● **TASK DIRECTIONS**:
Return the records, each one exactly as written.

● **AVAILABLE DATA**:
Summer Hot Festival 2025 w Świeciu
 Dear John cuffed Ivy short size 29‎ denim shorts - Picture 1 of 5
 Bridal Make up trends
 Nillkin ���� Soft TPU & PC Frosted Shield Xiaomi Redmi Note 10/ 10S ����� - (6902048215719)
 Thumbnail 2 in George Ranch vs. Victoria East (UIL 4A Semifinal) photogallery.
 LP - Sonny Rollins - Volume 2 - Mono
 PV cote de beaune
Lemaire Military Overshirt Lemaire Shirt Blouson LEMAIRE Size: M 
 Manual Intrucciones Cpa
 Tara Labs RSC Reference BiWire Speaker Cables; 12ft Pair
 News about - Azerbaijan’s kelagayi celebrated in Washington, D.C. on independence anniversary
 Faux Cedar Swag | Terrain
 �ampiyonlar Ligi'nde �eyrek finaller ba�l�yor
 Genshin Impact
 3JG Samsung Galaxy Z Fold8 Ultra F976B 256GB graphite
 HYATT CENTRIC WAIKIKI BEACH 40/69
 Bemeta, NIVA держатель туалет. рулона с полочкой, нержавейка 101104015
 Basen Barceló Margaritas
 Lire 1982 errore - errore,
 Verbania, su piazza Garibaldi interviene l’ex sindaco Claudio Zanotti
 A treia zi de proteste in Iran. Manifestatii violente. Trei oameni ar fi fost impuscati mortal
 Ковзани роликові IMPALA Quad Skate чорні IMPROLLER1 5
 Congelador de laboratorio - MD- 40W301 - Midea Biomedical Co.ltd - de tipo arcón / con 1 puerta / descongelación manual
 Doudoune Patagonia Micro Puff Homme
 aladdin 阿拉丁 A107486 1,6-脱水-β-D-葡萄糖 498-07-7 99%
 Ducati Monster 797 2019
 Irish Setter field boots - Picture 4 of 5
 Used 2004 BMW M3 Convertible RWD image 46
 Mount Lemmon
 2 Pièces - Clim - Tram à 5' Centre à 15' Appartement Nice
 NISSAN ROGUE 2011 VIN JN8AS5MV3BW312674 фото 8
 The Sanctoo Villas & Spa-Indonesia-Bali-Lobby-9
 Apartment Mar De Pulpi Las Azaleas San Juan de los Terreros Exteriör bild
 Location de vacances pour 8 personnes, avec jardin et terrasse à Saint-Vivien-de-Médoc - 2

● **RESPONSE**:
Summer Hot Festival 2025 w Świeciu
 Dear John cuffed Ivy short size 29‎ denim shorts - Picture 1 of 5
 Bridal Make up trends
 Nillkin ���� Soft TPU & PC Frosted Shield Xiaomi Redmi Note 10/ 10S ����� - (6902048215719)
 Thumbnail 2 in George Ranch vs. Victoria East (UIL 4A Semifinal) photogallery.
 LP - Sonny Rollins - Volume 2 - Mono
 PV cote de beaune
Lemaire Military Overshirt Lemaire Shirt Blouson LEMAIRE Size: M 
 Manual Intrucciones Cpa
 Tara Labs RSC Reference BiWire Speaker Cables; 12ft Pair
 News about - Azerbaijan’s kelagayi celebrated in Washington, D.C. on independence anniversary
 Faux Cedar Swag | Terrain
 �ampiyonlar Ligi'nde �eyrek finaller ba�l�yor
 Genshin Impact
 3JG Samsung Galaxy Z Fold8 Ultra F976B 256GB graphite
 HYATT CENTRIC WAIKIKI BEACH 40/69
 Bemeta, NIVA держатель туалет. рулона с полочкой, нержавейка 101104015
 Basen Barceló Margaritas
 Lire 1982 errore - errore,
 Verbania, su piazza Garibaldi interviene l’ex sindaco Claudio Zanotti
 A treia zi de proteste in Iran. Manifestatii violente. Trei oameni ar fi fost impuscati mortal
 Ковзани роликові IMPALA Quad Skate чорні IMPROLLER1 5
 Congelador de laboratorio - MD- 40W301 - Midea Biomedical Co.ltd - de tipo arcón / con 1 puerta / descongelación manual
 Doudoune Patagonia Micro Puff Homme
 aladdin 阿拉丁 A107486 1,6-脱水-β-D-葡萄糖 498-07-7 99%
 Ducati Monster 797 2019
 Irish Setter field boots - Picture 4 of 5
 Used 2004 BMW M3 Convertible RWD image 46
 Mount Lemmon
 2 Pièces - Clim - Tram à 5' Centre à 15' Appartement Nice
 NISSAN ROGUE 2011 VIN JN8AS5MV3BW312674 фото 8
 The Sanctoo Villas & Spa-Indonesia-Bali-Lobby-9
 Apartment Mar De Pulpi Las Azaleas San Juan de los Terreros Exteriör bild
 Location de vacances pour 8 personnes, avec jardin et terrasse à Saint-Vivien-de-Médoc - 2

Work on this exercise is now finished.